2018’in ilk gününde sizleri en derin saygılarımla selamlarım.
İran’da iki gündür rejim karşıtları hiçbir siyasi çağrı olmaksızın ülkedeki duruma itiraz etmek için sokaktalar ve gösteriler İran’ın önemli kentlerine sıçramış durumda.
Ülkenin en büyük ikinci kenti olan Meşhed’te başlayan gösteriler ki gün içinde Nişabur, Şahrud, Zahidan, Ahvaz, Kum, Kirmanşah, Yezd, Kazvin ve diğer bazı kentlere sıçradı.
İnsanların büyük bir kısmı yoksulluk ve işsizlik gibi sosyal durumlara itiraz etmek için sokağa döküldü. Daha sonra da geniş çaplı gösteriler başladı. Dün de Tahran Üniversitesi’nde öğrenciler bir araya gelerek çıkan olay ve gösterilere destek amaçlı sloganlar attı.
Peki, İran halkını sokağa döken sebepler neler?

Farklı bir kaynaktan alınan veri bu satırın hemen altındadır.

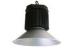 Heavy industrial High performance 60-300W led high bay light with IP65 and 90-305VAC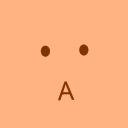 Safe Avatar 067545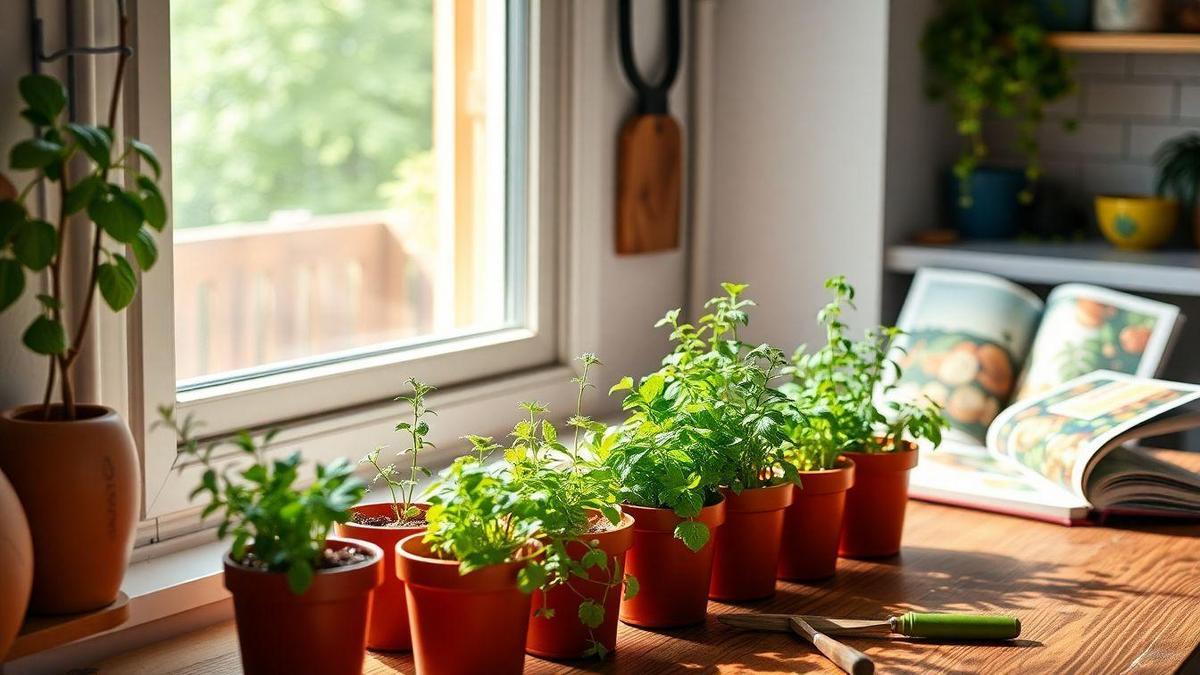 how-to-start-an-apartment-herb-garden-step-by-step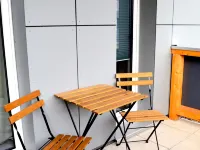 جيست هاوس ميتشي ثون فنادق في ثون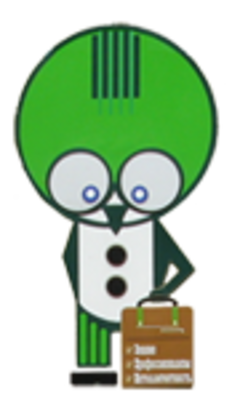 Приватний ліцей "ПРОФЕСІОНАЛ"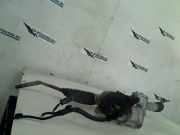 Lenkgetriebe 38028321 Opel Crossland (X) SUV 1.2 Turbo 12V (B12XHL(EB2DT)) 2017-11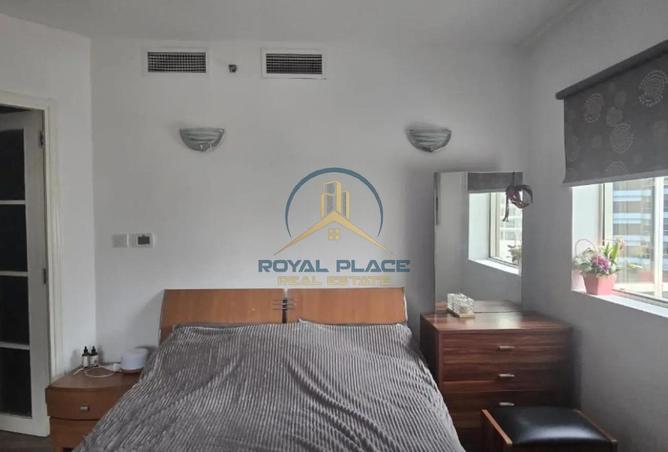 71093243 - Property Main Image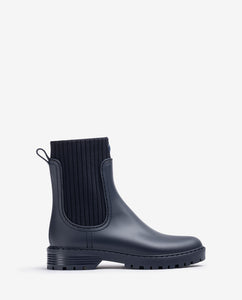 FAYNAR RIB NAVY
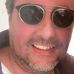 Diego Valles - Facebook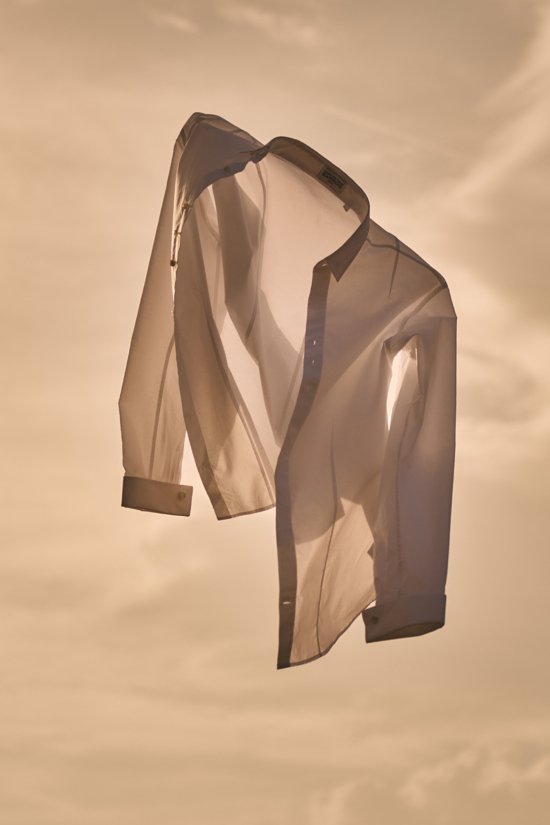 250612_MAB_S11_0016- by OLIVIER YOAN_BDEF - Olivier Yoan for Marc-Antoine Barrois - Olivier Yoan  - Overview  - Anne-Marie Gardinier Photographic Agency - Paris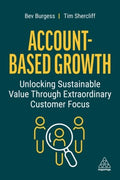 Account-Based Growth - MPHOnline.com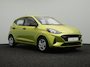 Hyundai i10 1.0 Comfort Met Apple Carplay Navigatie, Airconditioning en Cruise Control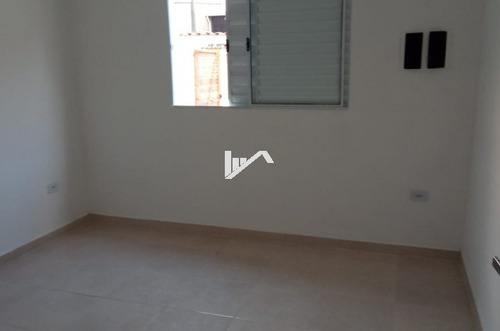 Imagem 4 de 8 de Casa Na Nova Itanhaém, Em Itanhaém Aceita Financiamento Bancário.
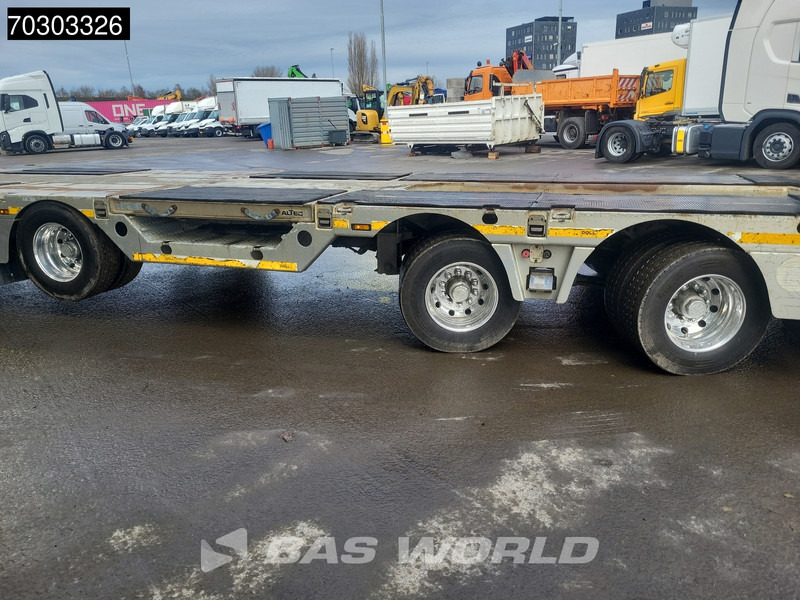 Zakup Doll S3H Lift + 2xSteeringAxle Wheel Recess Ramps Doll S3H Lift + 2xSteeringAxle Wheel Recess Ramps: slika Zakup Doll S3H Lift + 2xSteeringAxle Wheel Recess Ramps Doll S3H Lift + 2xSteeringAxle Wheel Recess Ramps Zakup Doll S3H Lift + 2xSteeringAxle Wheel Recess Ramps Doll S3H Lift + 2xSteeringAxle Wheel Recess Ramps: slika Zakup Doll S3H Lift + 2xSteeringAxle Wheel Recess Ramps Doll S3H Lift + 2xSteeringAxle Wheel Recess Ramps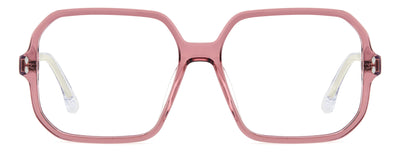 Isabel Marant IM 0168 Pink #colour_pink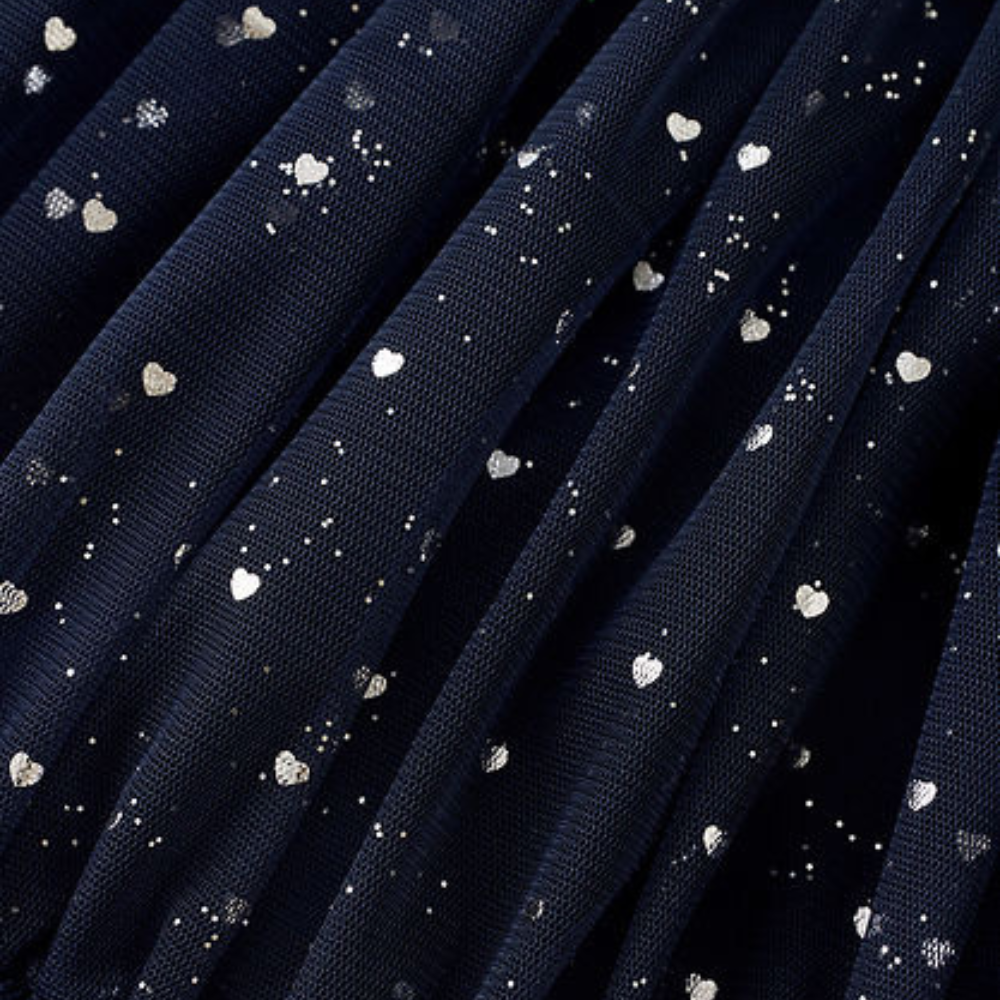 VÖRUMYNDIR - 2025-08-31T192942.663.png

Bu aslında kısa sürece ortaya çıkmış bir durum değil. Başta başkent Tahran olmak üzere birçok kentte 6 binin üzerinde batık şirket var. İranlı yetkililerin tahminleriyle de birkaç milyon mağdur… Hükümet ve devlet kurumları gösteriler büyümediği sürece bir müdahale gereğini de duymadı.
Bu mağdur kimselere rejim karşıtları ve yoksullar da katılınca İran’da gösteriler şehirden şehre yayıldı.
Göstericiler ülkelerinin paralarının Suriye, Gazze ve Lübnan için harcandığı iddiasındalar. Hatta adında ‘İslam Cumhuriyeti’ ibaresi bulunan İran’da halk ‘İslam cumhuriyeti istemiyoruz’ diyecek konuma geldi.
İşin ilginç tarafı İran’daki istihbarat ve güvenlik kurumları böylesi bir gösteriyi bekliyorlardı. Ancak, halkın içinde bulunduğu hoşnutsuzluğu da dile getirmesi için çok büyük bir engelleme yolunu seçmediler.
Muhafazakar kesime ait olduğu bilinen çoğu batık şirketin mağdurlarının akıbeti ise belli değil. Hükümet ise sadece Merkez Bankası’na bağlı olan şirket mağdurlarının ödemelerini üstlenmiş durumda. Şayet kalan borçlar da hükümet tarafından ödenecek olursa o zaman halkın kalan kısmı itirazda bulunacak; ki İran mevcut durumda bu yükün altına girebilecek ekonomik durumda değil.
Hükümetin gösterileri yasa dışı göstermesine karşın İran polisi ve Devrim Muhafızları Ordusu da müdahale yöntemini seçmiyor. Yukarıda güvenlik güçlerinin istihbarat aldıklarını paylaşmıştık. Dolayısıyla bir gafil yakalanma durumu da söz konusu değildir.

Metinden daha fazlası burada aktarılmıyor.